Poverty can lead to or worsen mental health conditions. Food insecurity, housing instability, neighborhood violence, the absence of green space, and safety in your immediate environment directly impact mental health. We cannot talk about what Black women need for mental wellness without naming what the zip code already does.
There are roughly 30 psychiatrists for every 100,000 people in this country, and fewer in Black and low-income communities. Over 150 million Americans live in designated mental health shortage areas. Therapy and mental health care can be so expensive that help seems out of reach. Copays and missed work add up. And added to all this are federal and state cuts to programs that serve many Black and low-income communities.
Even when you find a provider, there can be a real disconnect. Only 4 percent of American psychologists are Black. Studies show that when you have a provider of the same cultural background, you tend to do better.
A 2026 KFF survey found that Black adults are more likely than white adults to turn to AI chatbots for mental health advice. Not because we prefer it. Because of care gaps. And when researchers looked at who actually found that advice helpful, Black respondents were less likely to say it helped. The algorithms were not built for us.
Today, in many Black communities, mental illness is still framed as weakness, as something prayer and willpower alone should handle. And I really like church, but it is not therapy. We’ve had to be strong to survive. But survival is not the same as health. And strength without support will break you.
Money and status can't save you
A UNC Gillings School study found that Black women with disadvantages early in life who went on to get more education or build strong social support had a 37 percent higher risk of depression than those with fewer disadvantages. This finding is in keeping with the research on ACEs (adverse childhood events) that tells us that trauma continues to have an impact on us despite our education or status.
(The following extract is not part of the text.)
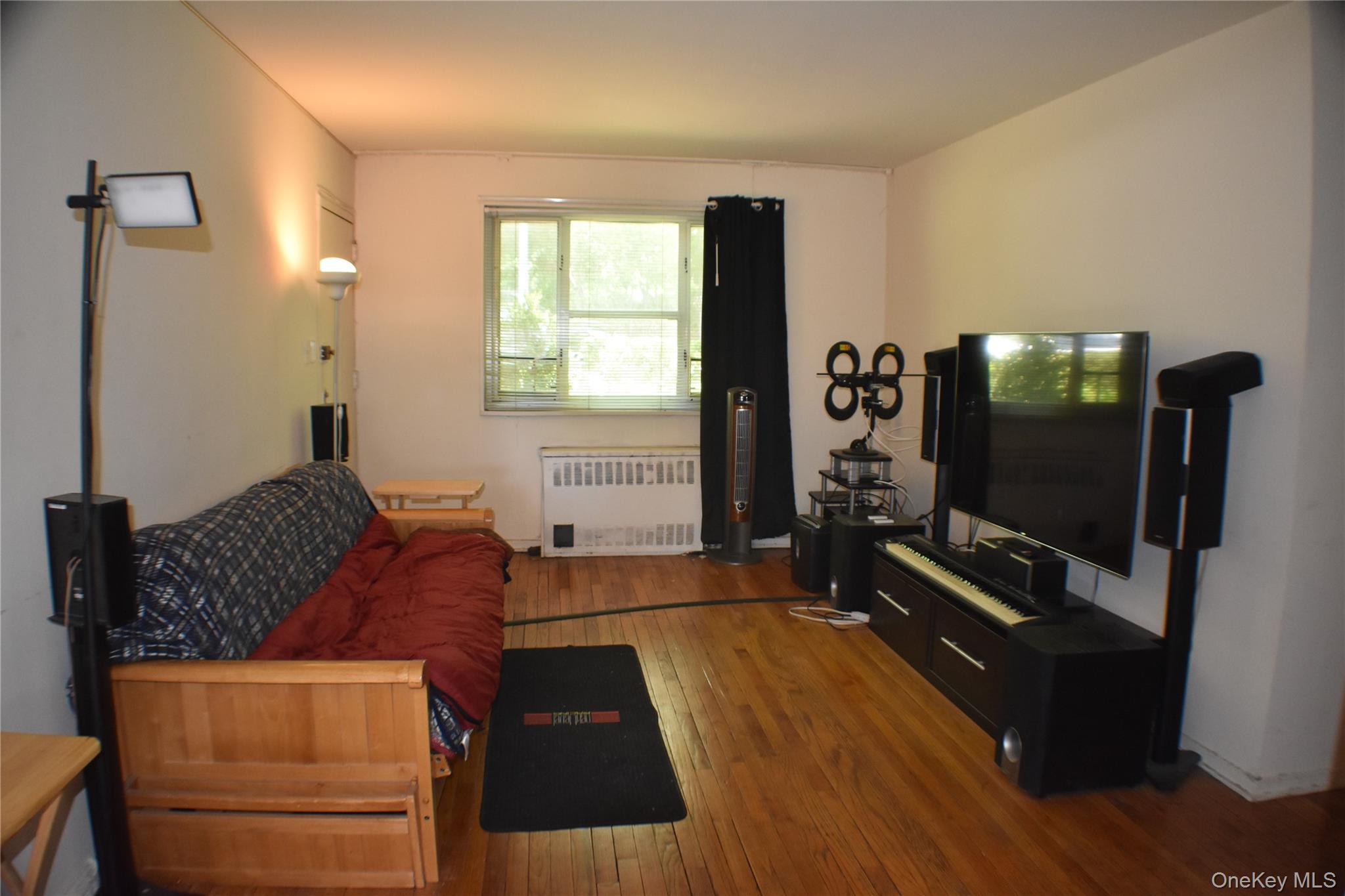 228-14 stronghurst Avenue, Unit 3113, Lowe photo 5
But there is hope and help. Reach out to a provider who sees you. Therapy and medication can help. But other things, like Sister circles can support you as well. Community lowers anxiety, increases belonging, and provides something no chatbot can: the experience of being seen by people who understand. Research tells us that having even one person you can tell the truth to makes a measurable difference. One honest relationship. This is how Black women have survived for centuries. The porch. The church mothers. The kitchen table. The girlfriends.
I am a physician. Medicine trains us to diagnose in others what we suppress in ourselves. For Black women in medicine, it’s worse. We are navigating spaces not built for us while holding the weight of our patients, our families, and our communities. Once I suffered in silence, but now I know that naming the distress is the first step toward healing.
Here are a few places to start if you need support:
The Loveland Foundation — thelovelandfoundation.org — therapy vouchers specifically for Black women and girls
Therapy for Black Girls — therapyforblackgirls.com — therapist directory, podcast, and community
Open Path Collective — openpathcollective.org — sliding scale therapy, $30-$80 per session
988 Suicide and Crisis Lifeline — 988lifeline.org — call or text 988, available 24/7
WRITING DESK
I am fine. She is fine. We are doing fine. This is what we say when we don’t want to go deeper. Fine is a closed door.
Today, I want to invite you to write behind the word fine. Not for anyone else. Just for yourself.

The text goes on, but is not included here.